Entre un viejo y acaso olvidado bolero –La puerta se cerró detrás
ti/ y nunca más volviste a aparecer–, que cantaba Lucho Gatica, hasta un
jacarandoso son, también pasto de la desmemoria –Ábreme la puerta mi
negra/ que me estoy mojando–, entonado por murguistas y guaracheros de
origen diverso, pasando por una sentimental balada interpretada por
Gigliola Cinquetti –Alle porte del sole/ Al confine del mare–,
el cancionero popular abunda en alusiones a puertas que se abren o
cierran a la alegría y la tristeza. Existen puertas por la que muchos
entran, mondos, orondos, redondos y lirondos, cantando victoria, y salen
derrotados con el rabo entre las piernas. Hay ejemplos que nos atañen.

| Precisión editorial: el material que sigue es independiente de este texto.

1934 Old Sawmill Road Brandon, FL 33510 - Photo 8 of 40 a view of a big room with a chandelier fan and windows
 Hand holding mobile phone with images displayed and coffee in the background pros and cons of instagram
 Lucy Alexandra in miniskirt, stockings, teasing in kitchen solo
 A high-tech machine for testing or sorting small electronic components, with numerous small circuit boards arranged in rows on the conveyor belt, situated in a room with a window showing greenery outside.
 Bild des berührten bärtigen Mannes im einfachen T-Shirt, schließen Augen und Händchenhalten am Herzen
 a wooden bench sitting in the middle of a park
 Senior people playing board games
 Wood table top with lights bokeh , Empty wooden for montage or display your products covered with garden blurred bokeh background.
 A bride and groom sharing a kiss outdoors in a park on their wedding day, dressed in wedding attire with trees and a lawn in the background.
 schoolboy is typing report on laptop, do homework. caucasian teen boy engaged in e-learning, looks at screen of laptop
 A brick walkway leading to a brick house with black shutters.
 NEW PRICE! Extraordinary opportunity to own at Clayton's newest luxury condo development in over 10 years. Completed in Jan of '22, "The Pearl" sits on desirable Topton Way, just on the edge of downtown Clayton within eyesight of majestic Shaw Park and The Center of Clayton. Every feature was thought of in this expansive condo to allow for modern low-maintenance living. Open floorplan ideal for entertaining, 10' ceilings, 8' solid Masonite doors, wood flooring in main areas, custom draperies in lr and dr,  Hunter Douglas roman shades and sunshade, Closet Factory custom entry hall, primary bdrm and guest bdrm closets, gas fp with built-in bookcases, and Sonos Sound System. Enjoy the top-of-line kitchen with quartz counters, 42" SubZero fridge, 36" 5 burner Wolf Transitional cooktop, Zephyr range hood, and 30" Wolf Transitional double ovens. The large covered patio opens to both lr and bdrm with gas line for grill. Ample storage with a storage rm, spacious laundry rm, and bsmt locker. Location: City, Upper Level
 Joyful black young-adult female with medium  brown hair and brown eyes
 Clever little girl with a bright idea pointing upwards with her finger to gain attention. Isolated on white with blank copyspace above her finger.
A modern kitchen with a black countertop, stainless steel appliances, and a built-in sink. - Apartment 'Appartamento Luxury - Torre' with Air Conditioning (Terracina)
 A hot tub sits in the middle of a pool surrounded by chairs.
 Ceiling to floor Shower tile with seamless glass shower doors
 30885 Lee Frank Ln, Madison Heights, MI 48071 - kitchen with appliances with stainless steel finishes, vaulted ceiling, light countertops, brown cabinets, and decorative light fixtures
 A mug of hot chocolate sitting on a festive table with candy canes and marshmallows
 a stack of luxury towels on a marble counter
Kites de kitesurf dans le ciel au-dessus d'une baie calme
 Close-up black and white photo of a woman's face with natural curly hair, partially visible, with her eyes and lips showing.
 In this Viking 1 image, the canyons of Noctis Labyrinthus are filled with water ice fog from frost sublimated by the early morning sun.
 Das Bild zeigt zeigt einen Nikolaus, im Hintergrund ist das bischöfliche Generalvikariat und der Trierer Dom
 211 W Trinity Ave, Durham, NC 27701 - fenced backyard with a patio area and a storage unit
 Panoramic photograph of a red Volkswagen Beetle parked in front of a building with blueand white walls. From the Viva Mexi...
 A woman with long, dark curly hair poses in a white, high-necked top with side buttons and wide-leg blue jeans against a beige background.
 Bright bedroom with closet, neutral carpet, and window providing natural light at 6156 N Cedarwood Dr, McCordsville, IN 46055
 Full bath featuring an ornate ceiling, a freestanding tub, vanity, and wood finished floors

Chávez prometió abrirnos las puertas del edén para que nadásemos en el
mar de la felicidad y nos guió a las del averno para que zozobrásemos en
las aguas de la penuria. Tenía que ser así: había pactado con un
demonio caribeño. El diablillo rojo que le sucedió continúa empedrando
con aviesos propósitos, camuflados de buenas intenciones, el fatídico
sendero por el que marchamos, almas que lleva mandinga, hacia el
despeñadero de la indigencia. Cerremos a cal y canto las puertas del
ayer y abramos de par en par las del mañana para lavarnos las manos sin
echar en saco roto, y Milan Kundera mediante, que «la lucha del hombre
contra el poder es la lucha de la memoria contra el olvido».